= Mary Ewing-Mulligan =

American author, wine educator and Master of Wine

Mary Ewing-Mulligan is an American author, wine educator and Master of Wine, the first American woman to achieve this accreditation. She has been the Director of the International Wine Center in Manhattan, New York since 1984, and was responsible for the development of Wine & Spirit Education Trust programs in the United States until 2018. She is also a freelance journalist of wine articles for various publications, and the co-author of several wine books in the For Dummies series.

==Career==
Ewing-Mulligan graduated from the University of Pennsylvania in 1971 with an English major, followed by various positions with the Italian Trade Commission in Philadelphia and later in Manhattan. In 1984 she joined the International Wine Center, a school founded by Albert L. Hotchkin Jr. in 1982. In 1988, Ewing-Mulligan began the preparatory Master of Wine program. She passed the theoretical exam in 1990 on the second attempt, and the blind-tasting exam on the fifth attempt in 1993. In 1997, Ewing-Mulligan bought Hotchkin's shares in the International Wine Center. The IWC is esteemed among the U.S. leading wine schools.

Ewing-Mulligan is a columnist for Wine Review Online and has previously served as wine columnist for The New York Daily News and wine correspondent on the radio program The Splendid Table.
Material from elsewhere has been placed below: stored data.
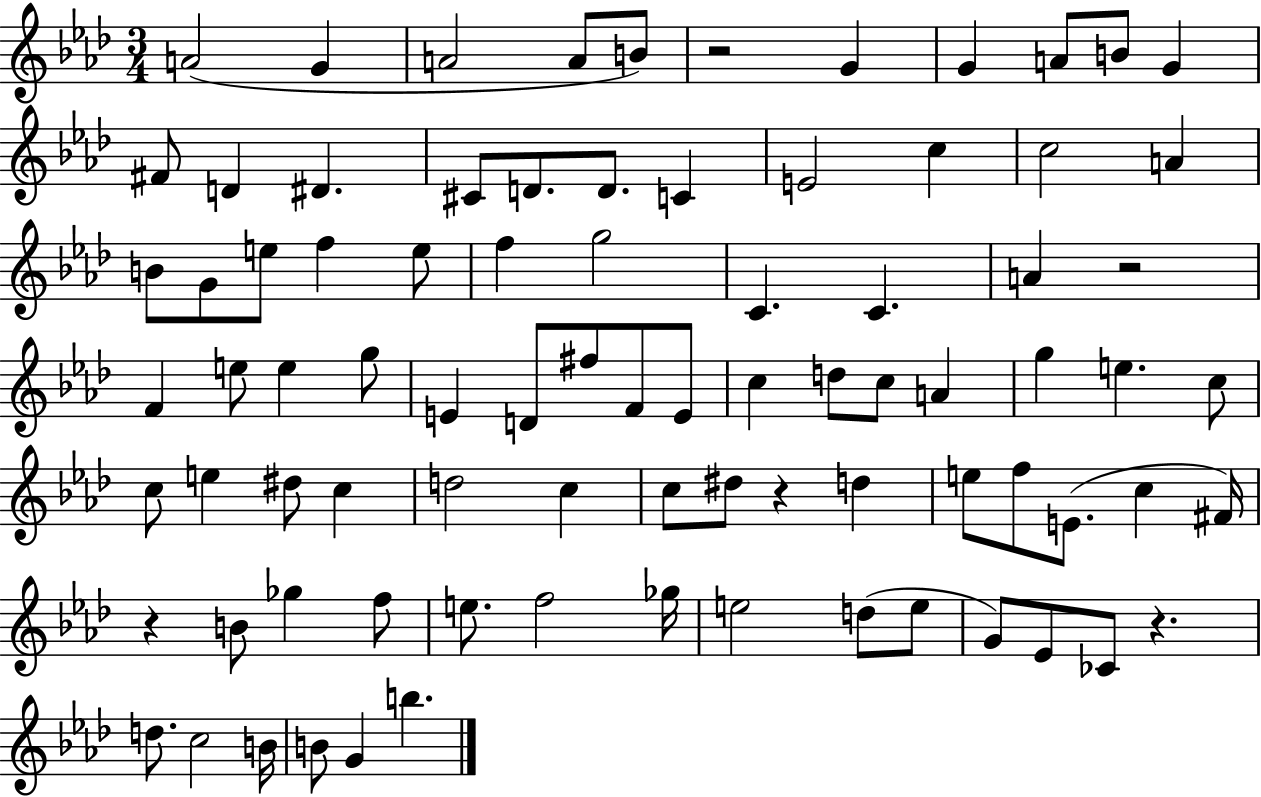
{
  \clef treble
  \numericTimeSignature
  \time 3/4
  \key aes \major
  a'2( g'4 | a'2 a'8 b'8) | r2 g'4 | g'4 a'8 b'8 g'4 | \break fis'8 d'4 dis'4. | cis'8 d'8. d'8. c'4 | e'2 c''4 | c''2 a'4 | \break b'8 g'8 e''8 f''4 e''8 | f''4 g''2 | c'4. c'4. | a'4 r2 | \break f'4 e''8 e''4 g''8 | e'4 d'8 fis''8 f'8 e'8 | c''4 d''8 c''8 a'4 | g''4 e''4. c''8 | \break c''8 e''4 dis''8 c''4 | d''2 c''4 | c''8 dis''8 r4 d''4 | e''8 f''8 e'8.( c''4 fis'16) | \break r4 b'8 ges''4 f''8 | e''8. f''2 ges''16 | e''2 d''8( e''8 | g'8) ees'8 ces'8 r4. | \break d''8. c''2 b'16 | b'8 g'4 b''4. | \bar "|."
} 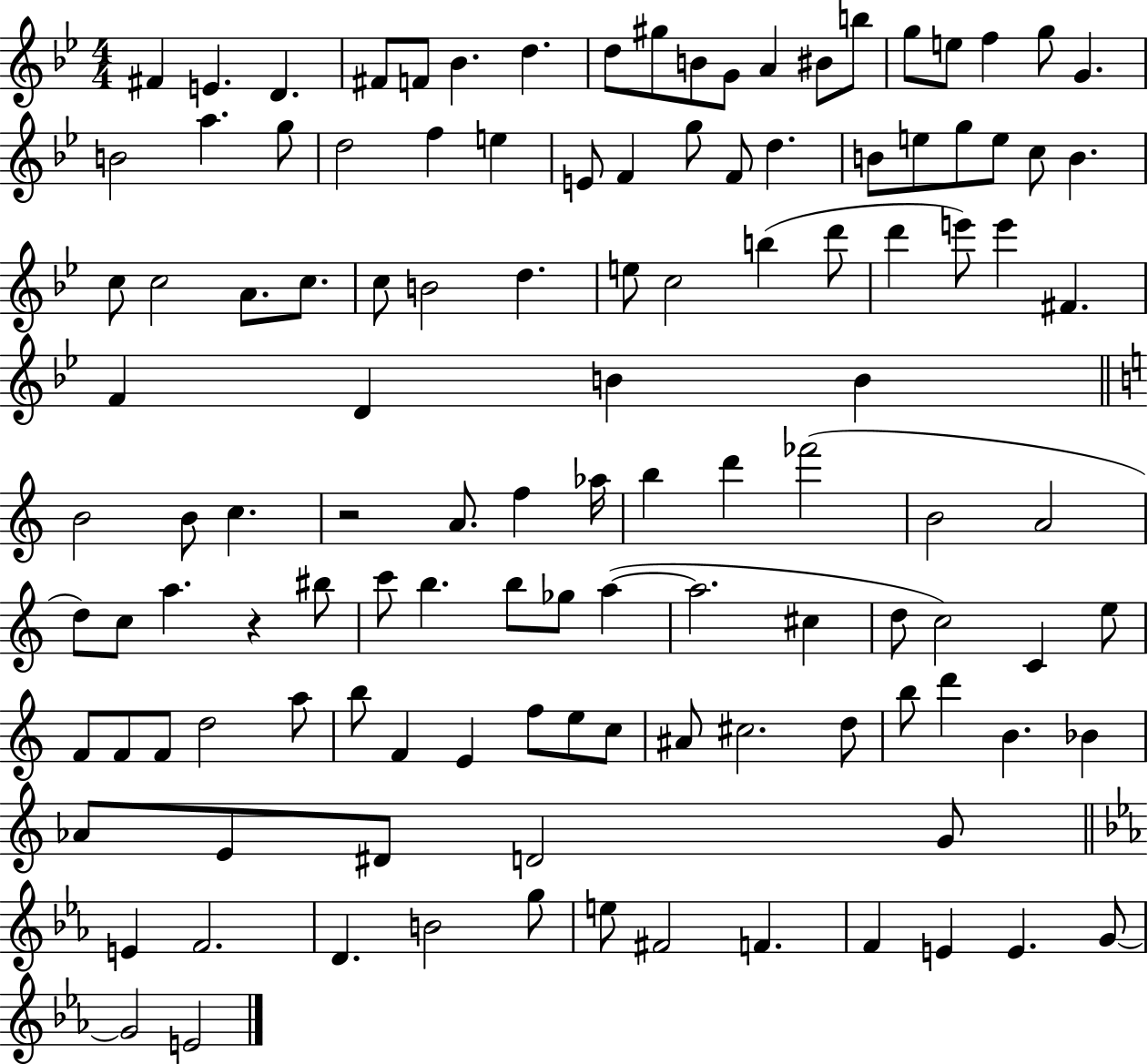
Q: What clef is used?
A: treble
She has also contributed articles to publications such as Los Angeles Times, Food & Wine, The New York Times, Gourmet, Wine Spectator, Wine Enthusiast Magazine and Wine & Spirit.

Her books, co-authored with her husband Ed McCarthy, include Wine Style: Using Your Senses to Explore and Enjoy Wine and several publications in the For Dummies series, including Wine For Dummies, Red Wine For Dummies, White Wine For Dummies, French Wine For Dummies, Italian Wine For Dummies and California Wine For Dummies.